Prime Minister Shimon Peres said today that Israel has "been approached" by the United States about a possible meeting with representatives of the International Committee of the Red Cross and that Israel agreed to see those representatives in connection with the demands of the TWA hijackers.

Although a possible meeting with the Red Cross would mark a new development in the hijack drama, Peres' office, apparently seeking to avoid any public signal of a shift in policy, later issued a statement saying that while Israel would meet with Red Cross representatives "out of courtesy," it "has no intention whatsoever to negotiate over" the hijacking.

Israeli officials said tonight that so far there had been no contacts from the Red Cross.

The hijackers are demanding the release of more than 700 Lebanese Shiite Moslem prisoners held by Israel in exchange for the American hostages. The Israeli government has pledged to consider a direct U.S. request to free the Shiite prisoners, but has said it will not negotiate over their release.

At the same time, senior government officials here have sought to distance themselves from the incident by emphasizing that the decision on whether to bow to the hijackers' demands rests solely with the Reagan administration. They have made it clear that Israel would have no choice but to comply with a direct request to free the Shiite prisoners from the "senior level" of the U.S. government, but it will not act on its own.

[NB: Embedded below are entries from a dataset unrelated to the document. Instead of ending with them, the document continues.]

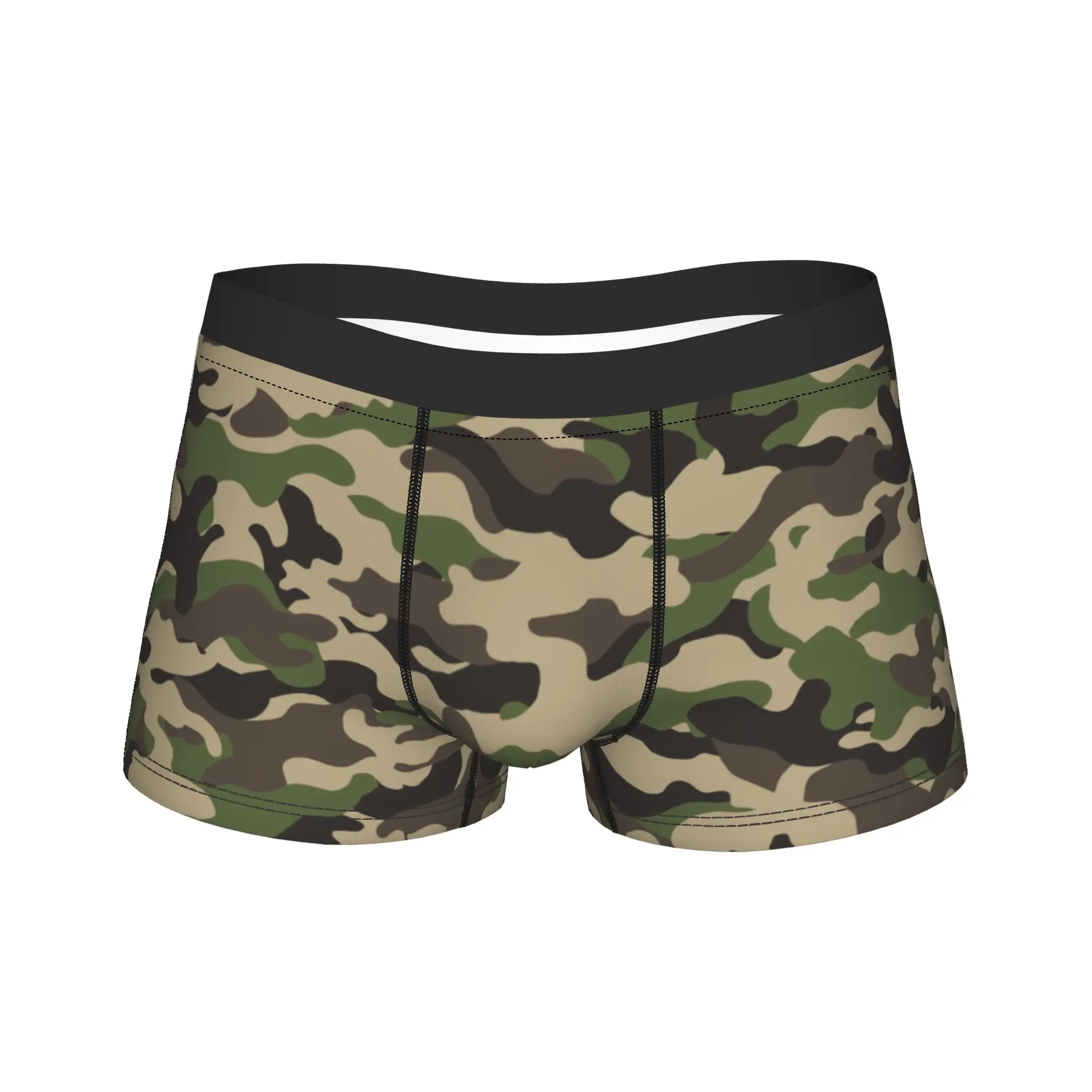 Men Camo Camouflage Long Underwear  Humor Boxer Briefs Shorts Panties Male Breathable Underpants Plus Size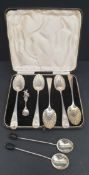 5 x Boxed Sterling Silver Tea Spoons 2 Coffee Bean Spoons and 935 Mustard Spoon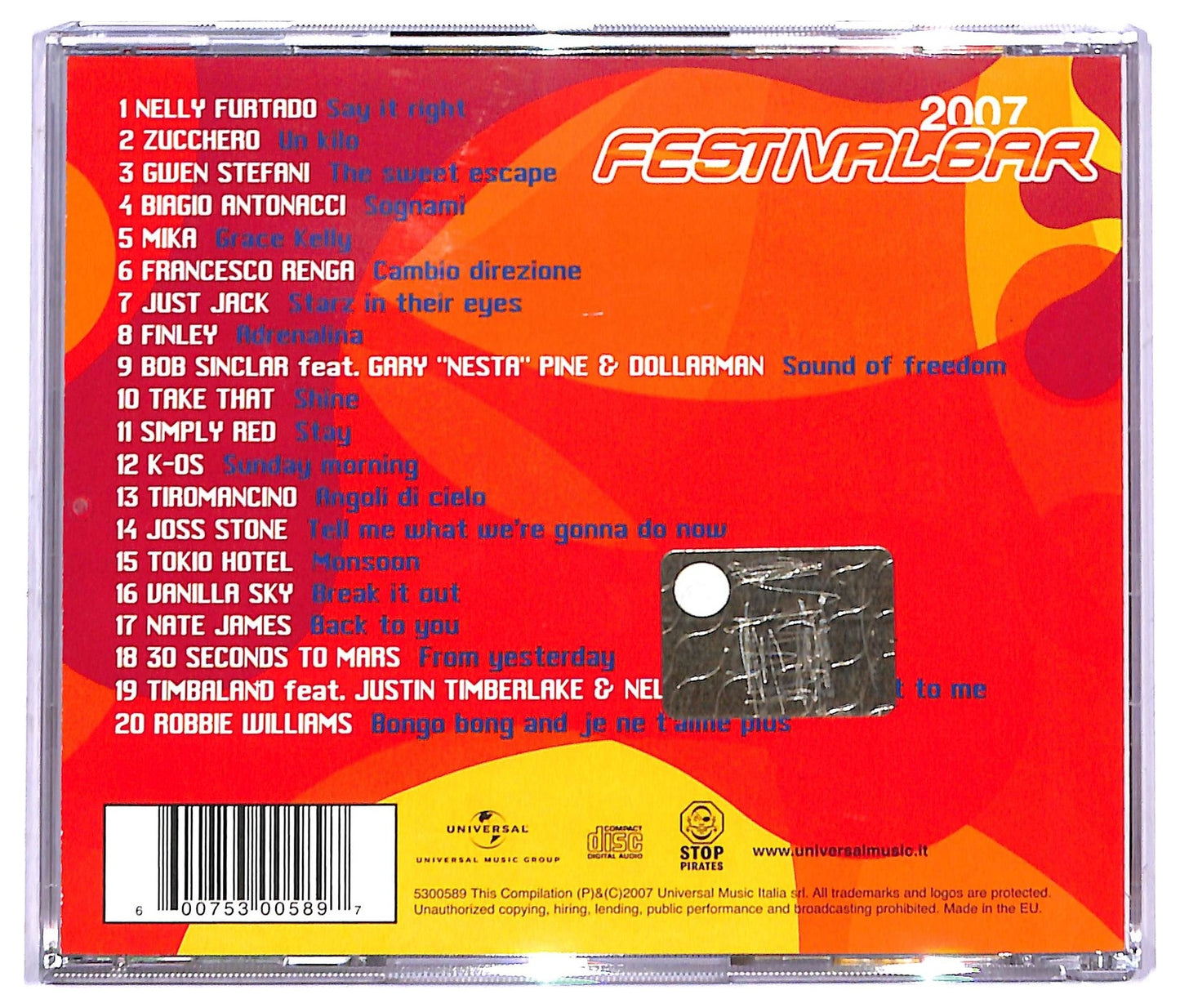 EBOND Various - Festivalbar 2007 - Compilation Rossa CD CD084806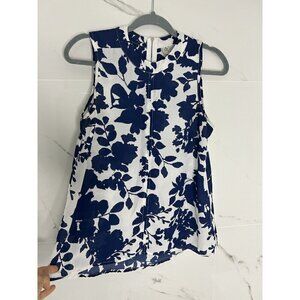 Paper Crane Blue White Sleeveless Top Sz S Career Coastal Casual EUC​​​​​​​​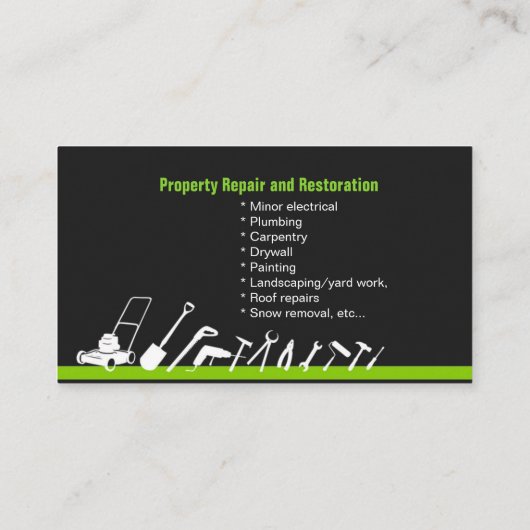 Handyman visitekaartje (Achterkant)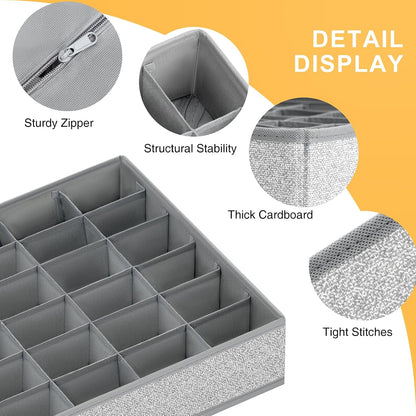 joyoldelf Sock Drawer Organizer Divider 2 Packs Underwear Organizer, 24 Cell Closet Organizers and Storage Organizer Sock Holders Organizers for Storing Socks, Handkerchiefs, Ties, Belts (Grey)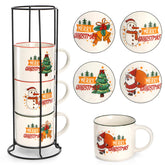 Conjunto de tazas Coloch navideñas apilables sobre soporte de metal para ahorrar espacio.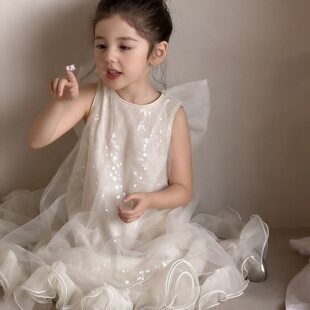 2026新款轻薄亮闪闪女童连衣裙夏季儿童礼服超好看洋气生日公主裙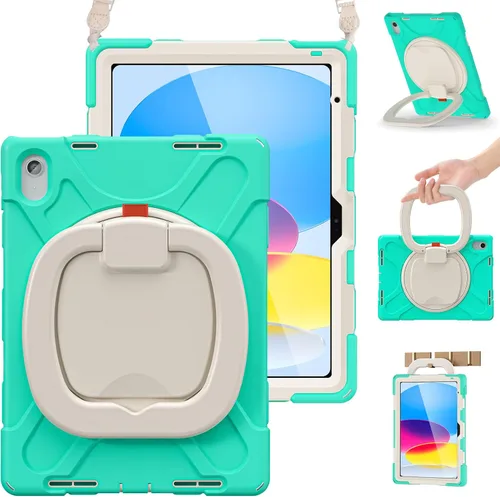 Miniatura 20 de BRAECN Funda para iPad (A16) de 11ª/10ª generación de 11 pulgadas/10.9 pulgadas 2025/2022, funda de silicona resistente con protector de pantalla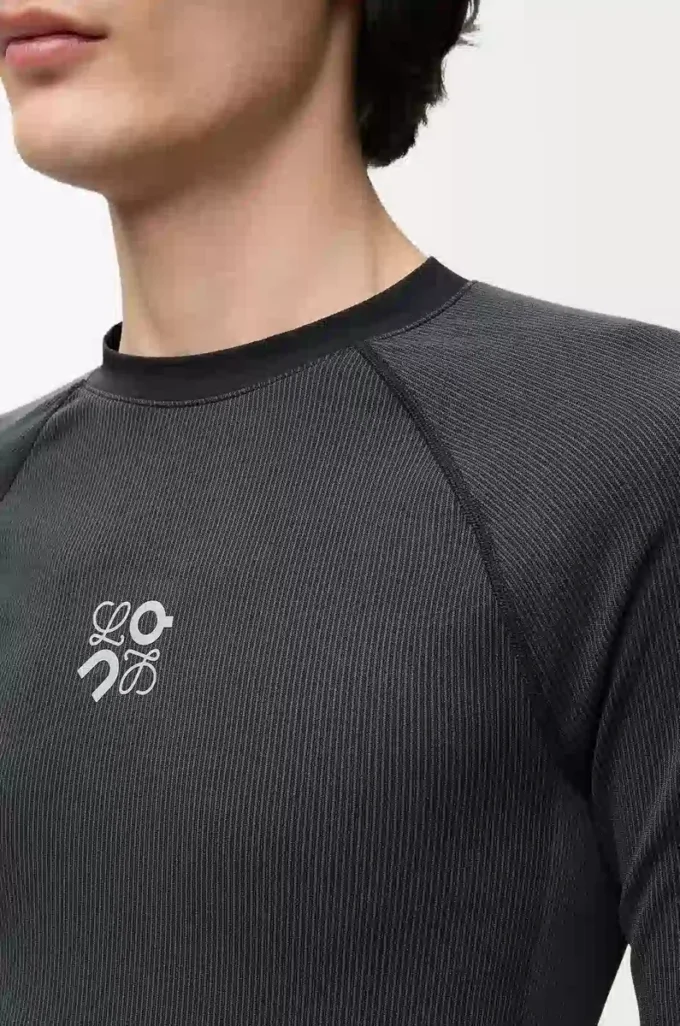 Långärmad topp i teknisk jersey Svart Långärmad topp i teknisk jersey Svart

Peres discussed a possible Red Cross role in ending the hijacking ordeal while answering questions from high school students.

"As of now, the Americans have approached us and told us it is possible the Red Cross will approach us," he said. "If the Red Cross approaches us, we will receive them and hear what they have to say. No request has been made by the American government for Israel to do anything or declare anything.

"Israel has said from the outset it is prepared to help with whatever it can."

In Geneva, the International Committee of the Red Cross said it is willing to organize an exchange of prisoners but will not mediate negotiations, United Press International reported.

"We are available for the operational stage of any exchange as we have been in the past but not for mediation in negotiations on a political issue," a spokeswoman said. "We see no need at this time for an intermediary," she said.

The Red Cross has played an important role in the previous prisoner exchanges Israel has conducted, and the international organization almost certainly could be a key intermediary in any arrangement involving the release of the Shiite prisoners and the airline hostages.

Israeli officials, who are under considerable domestic criticism because of a controversial prisoner exchange last month, do not want to be seen as negotiating with the Red Cross over a matter that they have portrayed as an American problem.

"We won't deal with the Red Cross on this," an Israeli official said. "They are not a party to it. We deal with the U.S."

Most of the Shiite prisoners held here were rounded up in Israeli Army raids of villages in southern Lebanon before the Israeli withdrawal that was completed this month. Israel has said it plans to release them eventually with the pace of their release linked to the security situation in southern Lebanon.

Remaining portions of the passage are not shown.